The performance listed in the course materials is a professionally filmed recording of a 2011 production directed by Jacques Vincey. I watched it (text in hand) and got a very different sense of the play than I had by simply reading it. The print edition I have begins with a five page note from the author: Comment jouer «Les Bonnes» (“How to perform The Maids”). It declares that the atmosphere should be furtive and that the maids should be proper, yet still sexual, but not overtly erotic. The author also acknowledges that the dialogue may not be a realistic representation of how maids talk when they aren’t observed, but asserts that when he goes to the theater he wants to see himself on stage, stripped of conventions and niceties, naked. Director Jacques Vincey decided to start his 2011 production with an abridged version of this note recited by a completely naked man who does not otherwise figure in the rest of the show (though I believe he participates later as clothed stage hand).

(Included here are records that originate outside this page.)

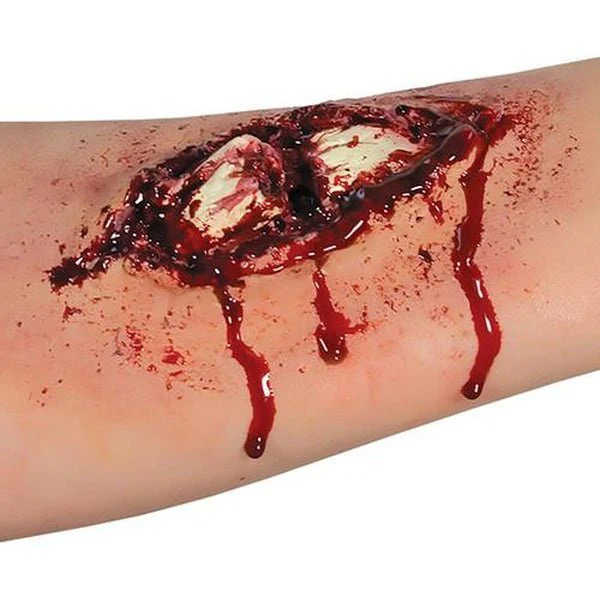 Broken Bone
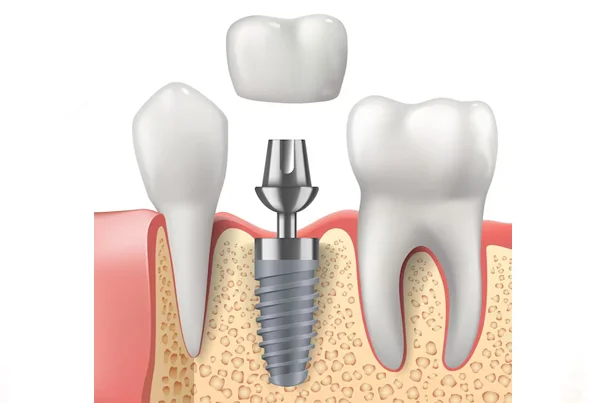 Artificial Teeth Implant
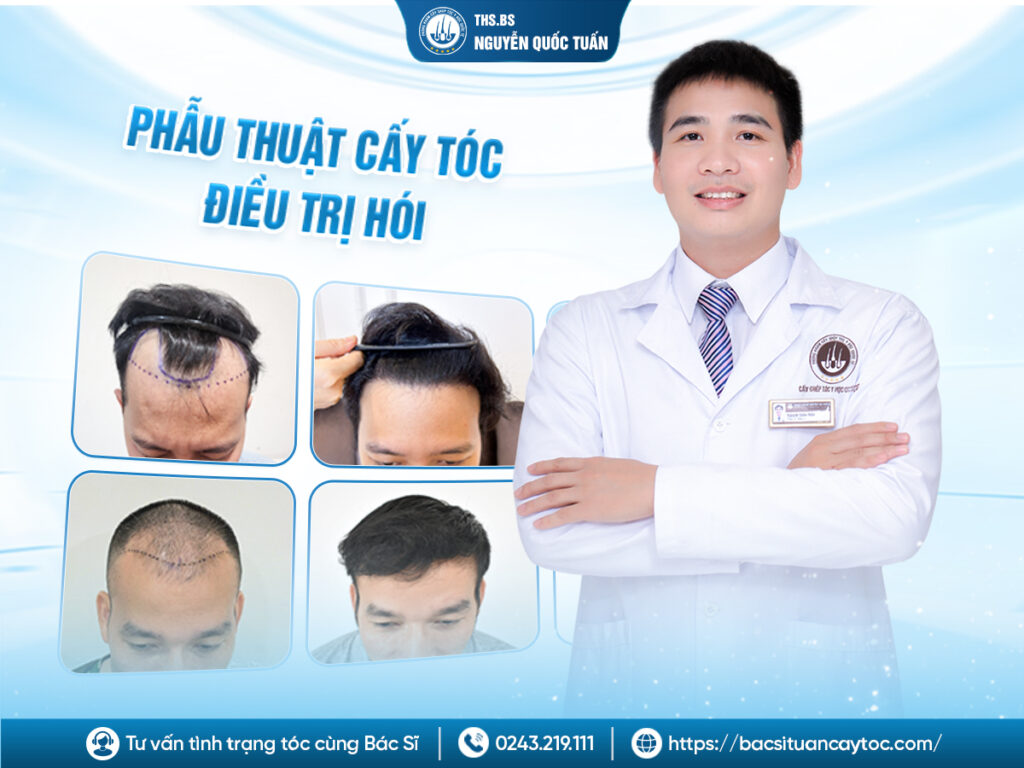 điều trị hói tóc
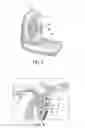 Fig. 03 - Belt Holding Tool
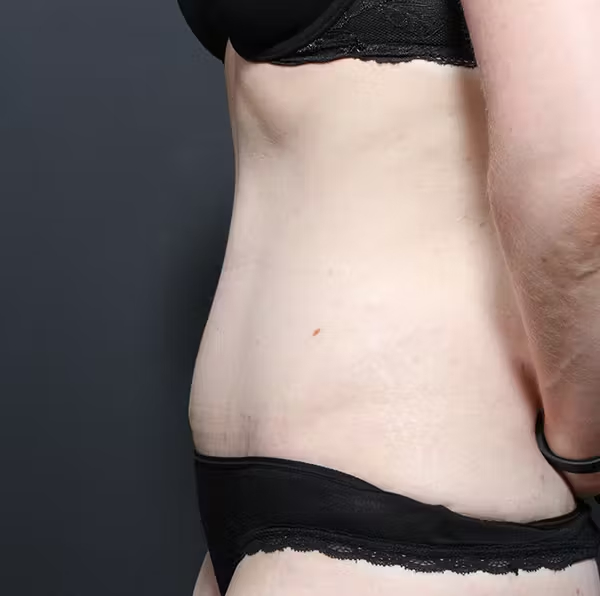 Tummy tuck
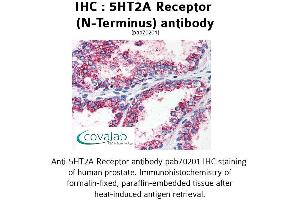 Image no. 1 for anti-5-Hydroxytryptamine (serotonin) Receptor 2A (HTR2A) (N-Term) antibody (ABIN1731362)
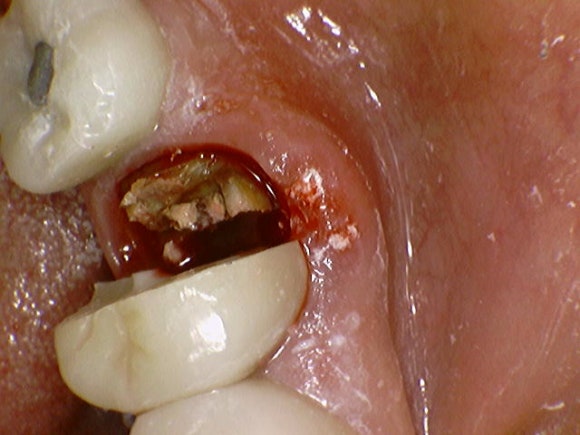 [임플란트] 재신경치료를 시도할 수 없을 때. 뼈이식 없는 임플란트 시술로 간편하게. 관련 이미지 5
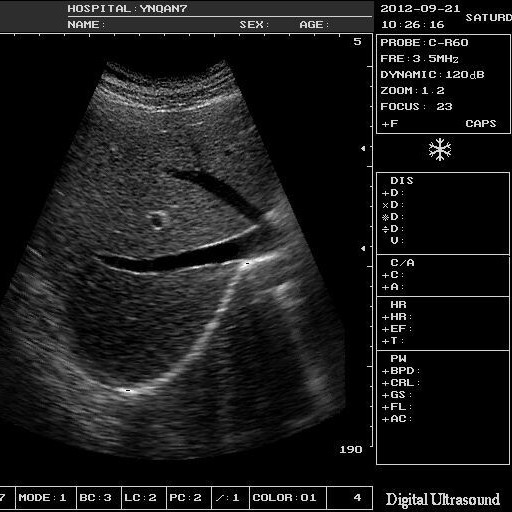 Foreign trade exclusive supply of portable black-and-white B-ultrasound machines for human and veterinary ultrasound equipment and examination instruments Specification drawing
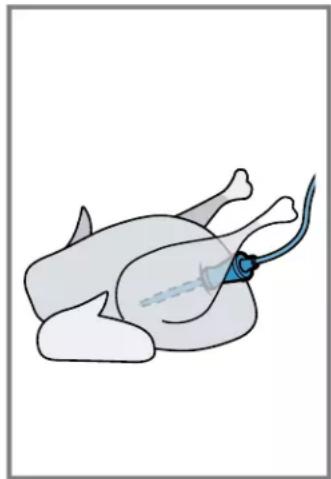 Illustration of a person lying down with a medical catheter inserted (no text or symbols)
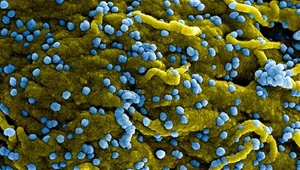 Wirus Marburg - zabójcza gorączka rozprzestrzenia się w Tanzanii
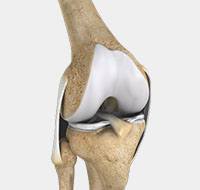 Multiligament Knee Injury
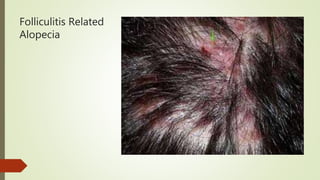 Folliculitis Related
Alopecia
 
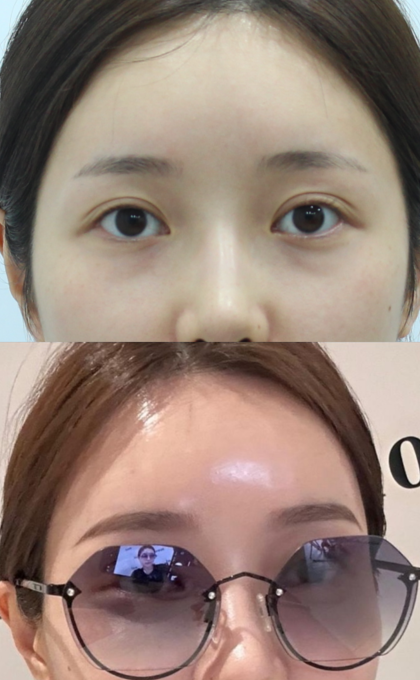 피부장벽을 통과하는 적절한 스킨부스터 시술 관련 이미지 8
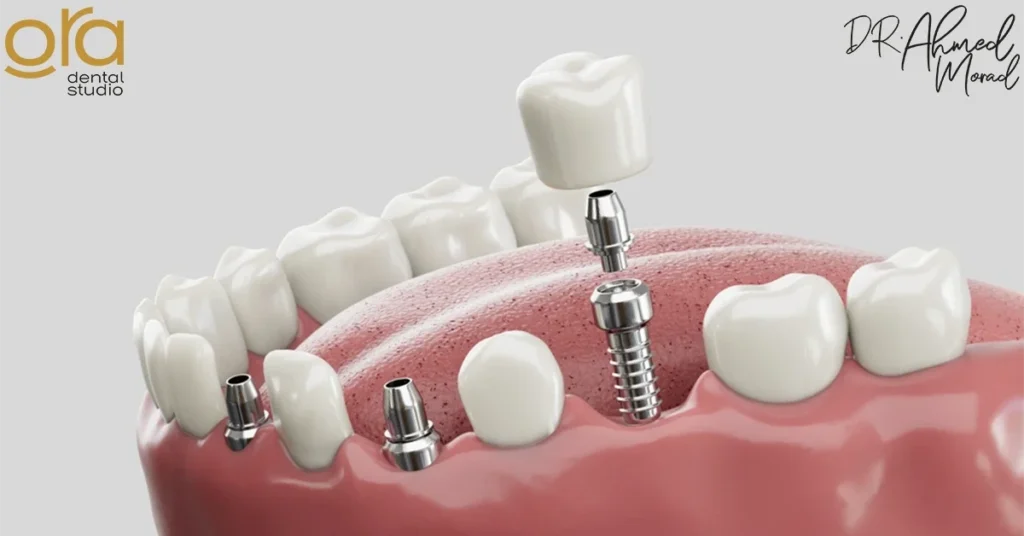 أفضل دكتور زراعة أسنان في القاهرة image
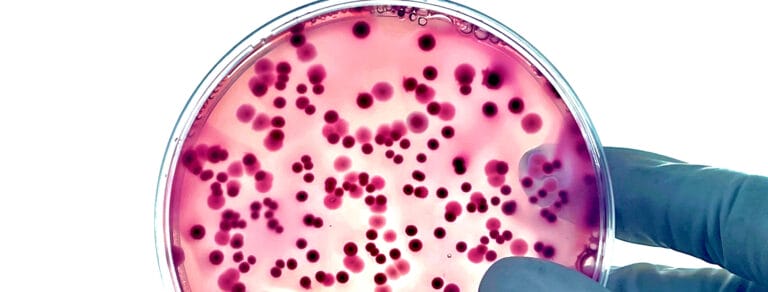 Bacterial Artificial Chromosome (BAC) libraries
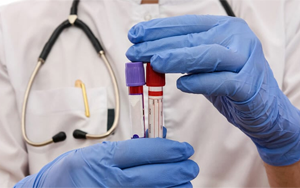 Creatine Kinase Isoenzyme (CK-MB) - Magnetic Particle Chemiluminescence Method (Acridinate)/Fluorescence Immunochromatography Solution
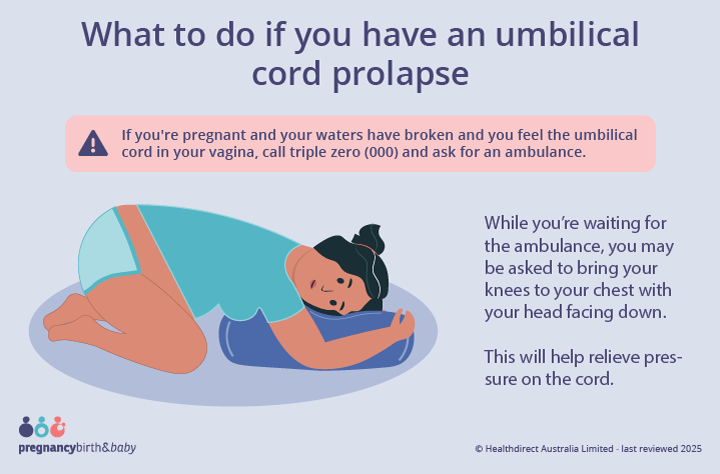 Illustration demonstrating the position you should stay in while waiting for an ambulance if you experience an umbilical cord prolapse.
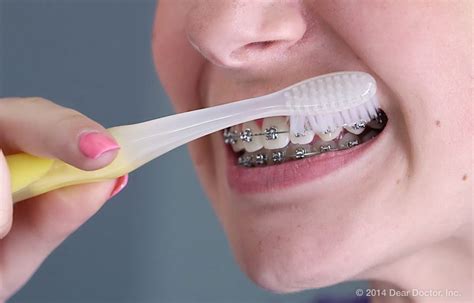 However, the total number of times you'll brush your teeth each day can vary, depending on how many times you eat meals and snacks, and drink beverages other than water. Ortodontie Cluj - Ortopractica - Aparat dentar Cluj ...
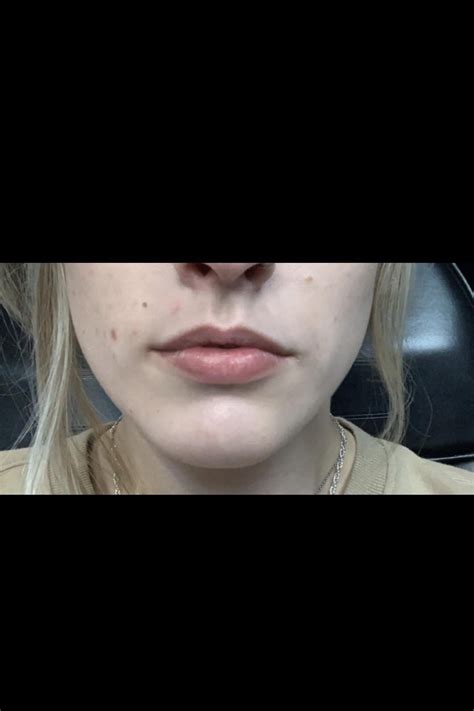 My Lip Filler Journey R Plasticsurgery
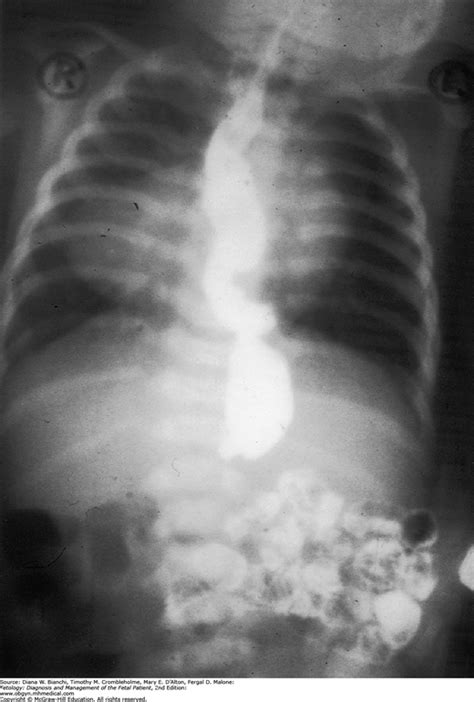 Heterotaxy Syndrome | Obgyn Key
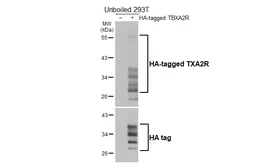 Anti-TXA2R antibody [HL4757] used in Western Blot (WB). GTX644761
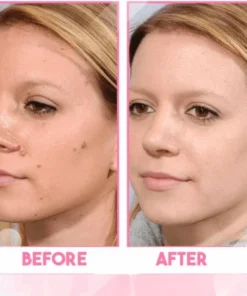 ReFine™ Skin Spot Purifying Essence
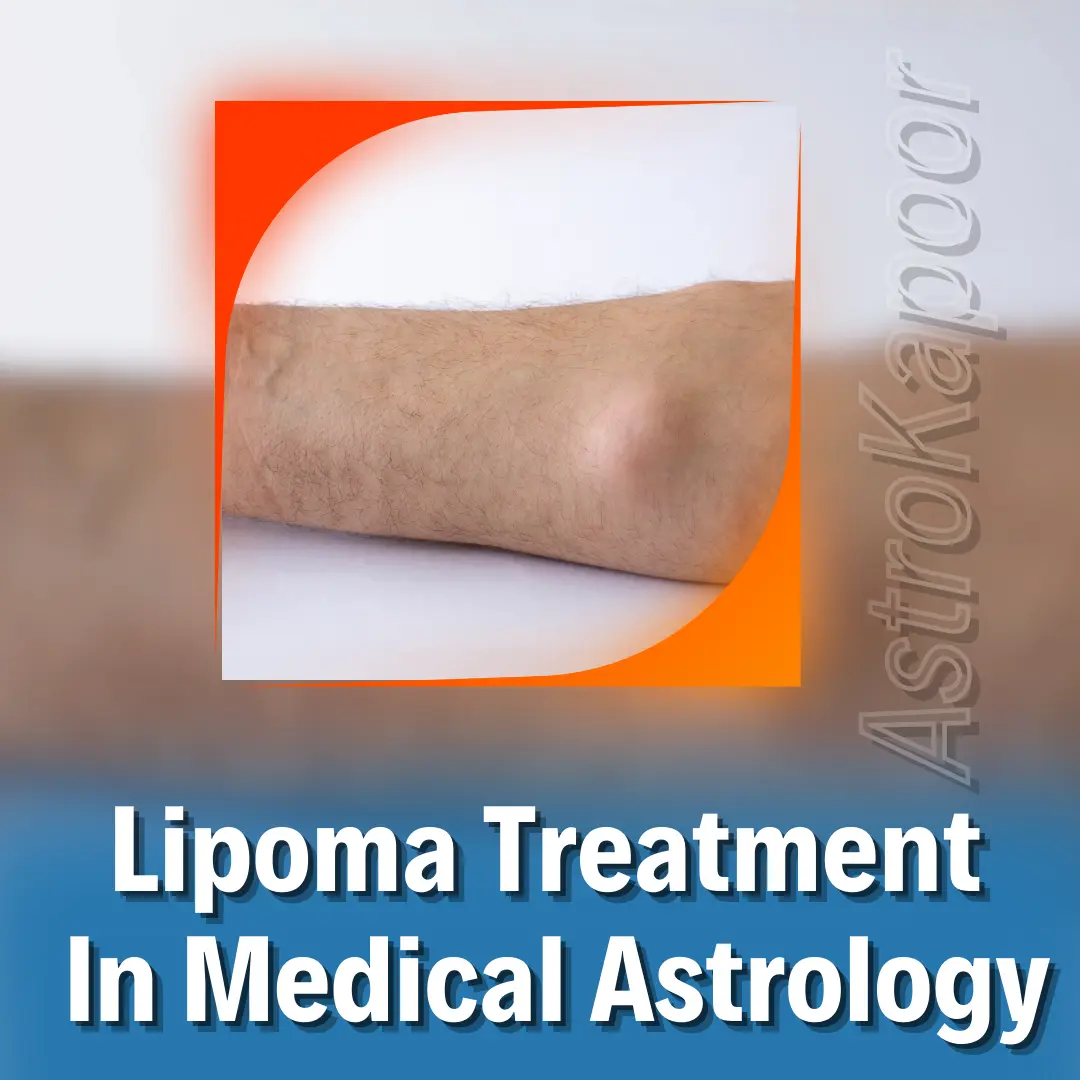 Lipoma Treatment In Medical Astrology Image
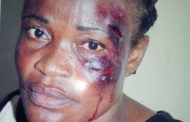 NPP Polling Station Executive Fights For Justice After MP’s Boy Brutalized Her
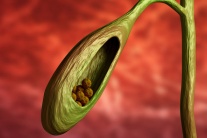 Sỏi túi mật 4,5mm dùng TPBVSK Kim Đởm Khang được không?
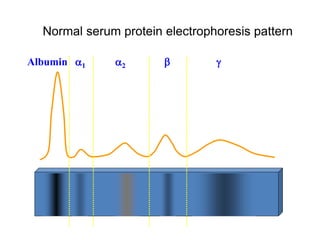 Normal serum protein electrophoresis pattern
+ -
Albumin 1 2  
 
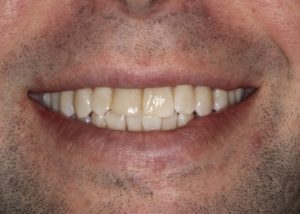 before veneers abington pa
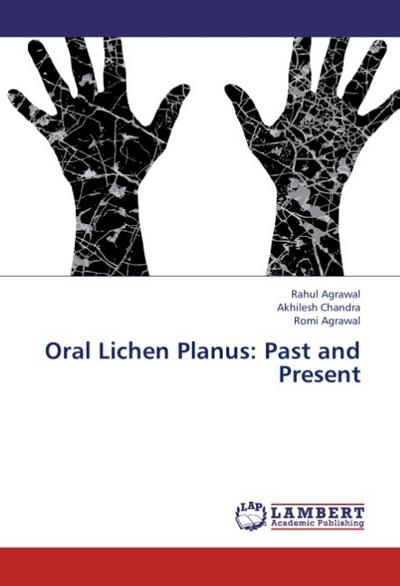 Oral Lichen Planus: Past and Present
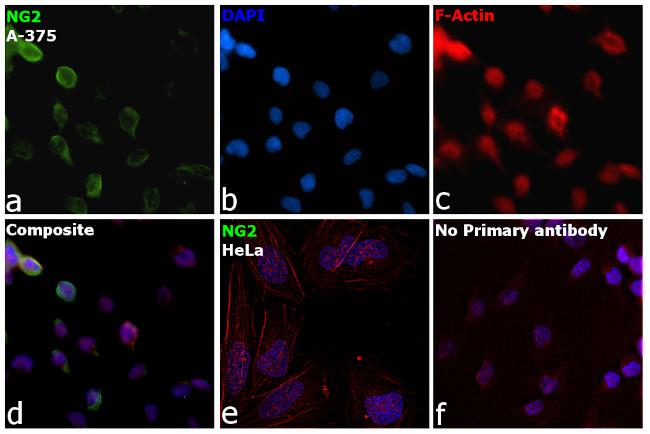 NG2 Antibody in Immunocytochemistry (ICC/IF)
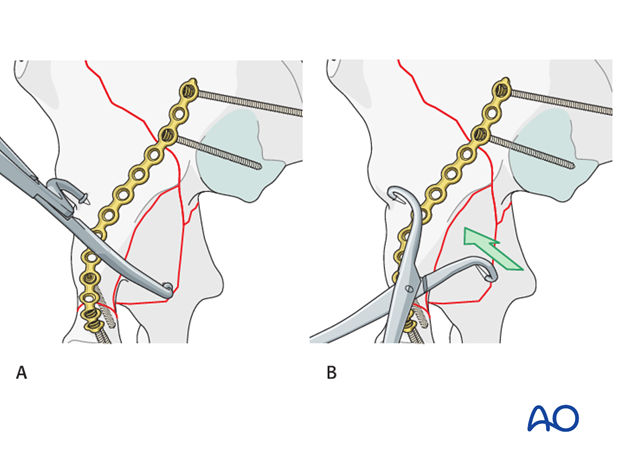 orif through ilioinguinal approach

This introductory scene is presumably why the video merits a YouTube warning “This video contains content that may be offensive to some viewers. Are you sure you want to proceed?”, which also prevents it from being embedded on this page. You’ll have to click the link if you want to see stage directions recited nude.

The Jacques Vincey production is highly stylized with stark sets, dark lighting, minimal costuming, and eerie music. Almost all props are absent, replaced by pantomime. Many lines are spoken slowly with an emotionless, dispassionate affect, while others are delivered in a stentorian shout. I don’t know enough to be confident that labeling this production “avant garde” is formally accurate, but that description will give a non-professional the right impression. I came away from watching it with the thought “Ah, I see, that’s what this play is. An abstract psycho-drama infused with social commentary, class politics, and post-war despair. Got it.”

Only it turns out, this description is heavily influenced by the directorial choices of the production. I was fortunate enough to wonder if this is how it’s always played and looked for other recording of other productions. I found dozens of them on the web, both complete shows and excerpts. They illustrate a wide range of stylistic interpretations of the text, among which Jacques Vincey’s is an outlier. There are productions with more traditional, fully realized sets, props, and costumes. There are productions with less overtly deranged portrayals of Claire and Solange. There are productions where the maids are younger or prettier, ones where Madame is more natural or more horrible, ones that emphasize or ignore the sexual tension in Claire and Solange’s play-acting. There are productions set in prison. By far the oddest one I found was a production by Centaur Theater where the actors are on horses most of the time.

Centaur Theater presents «Les Bonnes»
Must watch: equestrian acting at its finest

All in all Les Bonnes (and Jacques Vincey’s production) was an unusual and satisfying first dish in the nine course meal that I’ve ordered for myself. And I’ve been reminded that not only must one not judge a book by its cover, but one must also not judge a classic play by just one of its productions.